WORK TASK:
Without the images, set down each entry exactly.

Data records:
++++++++++

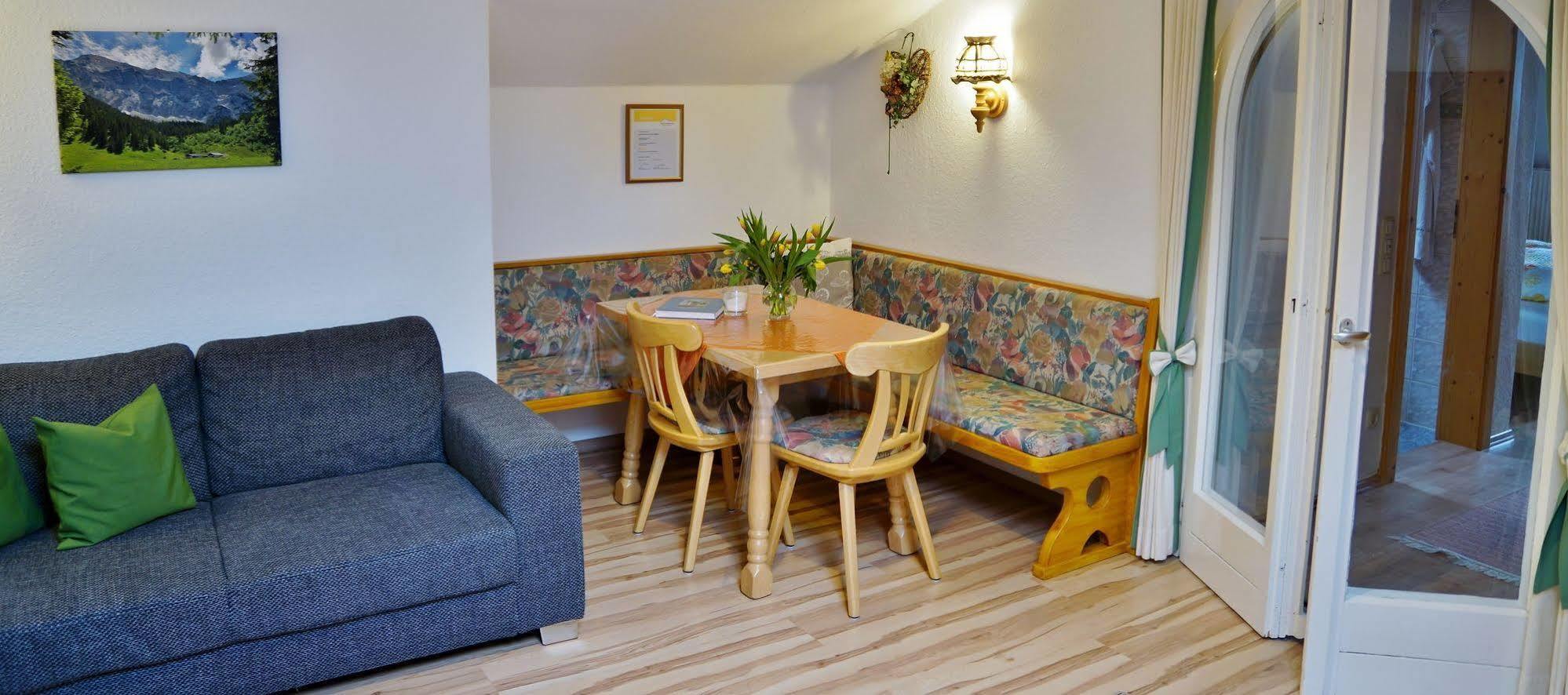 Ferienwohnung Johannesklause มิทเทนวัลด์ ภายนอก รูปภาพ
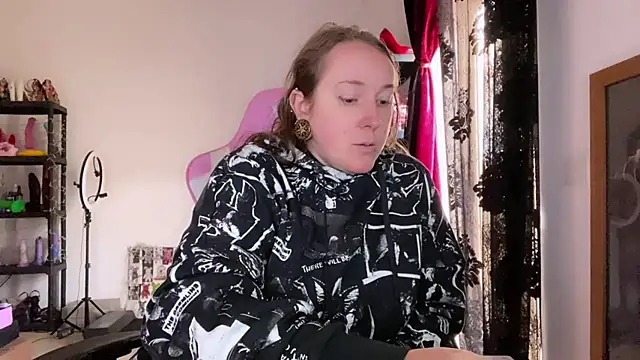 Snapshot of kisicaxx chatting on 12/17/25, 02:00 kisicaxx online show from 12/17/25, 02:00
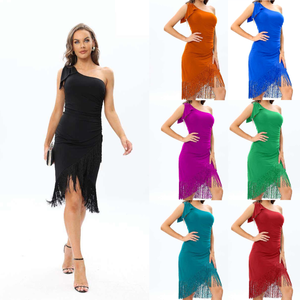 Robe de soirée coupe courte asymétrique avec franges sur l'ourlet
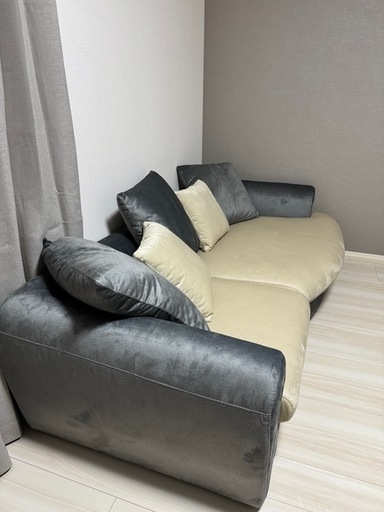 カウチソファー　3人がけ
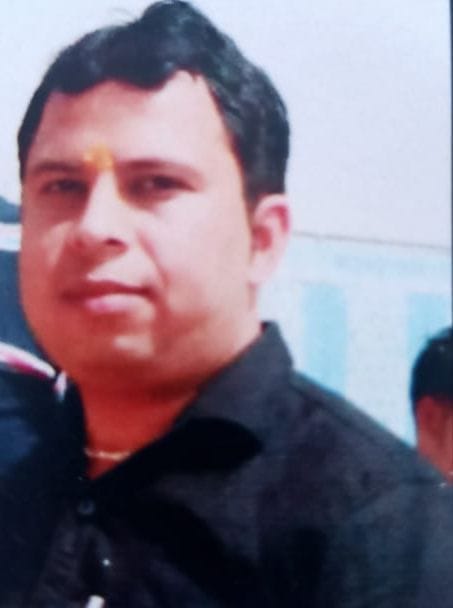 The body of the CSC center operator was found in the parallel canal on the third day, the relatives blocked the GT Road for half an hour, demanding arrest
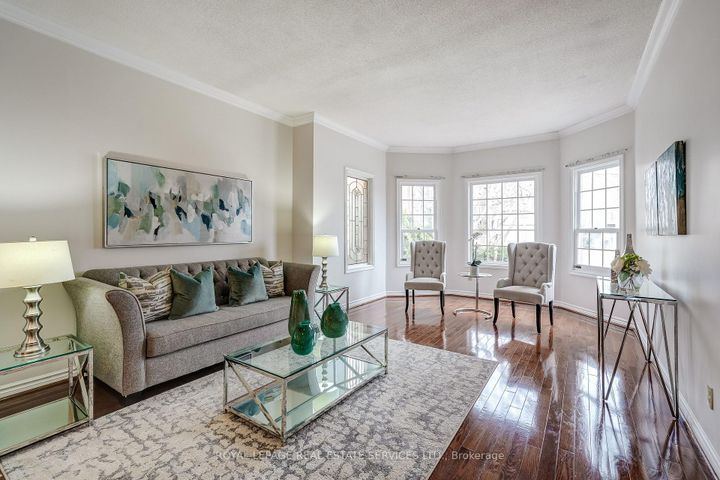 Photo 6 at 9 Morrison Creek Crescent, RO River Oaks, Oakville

++++++++++

WRITTEN ANSWER:
 Ferienwohnung Johannesklause มิทเทนวัลด์ ภายนอก รูปภาพ
 Snapshot of kisicaxx chatting on 12/17/25, 02:00 kisicaxx online show from 12/17/25, 02:00
 Robe de soirée coupe courte asymétrique avec franges sur l'ourlet
 カウチソファー　3人がけ
 The body of the CSC center operator was found in the parallel canal on the third day, the relatives blocked the GT Road for half an hour, demanding arrest
 Photo 6 at 9 Morrison Creek Crescent, RO River Oaks, Oakville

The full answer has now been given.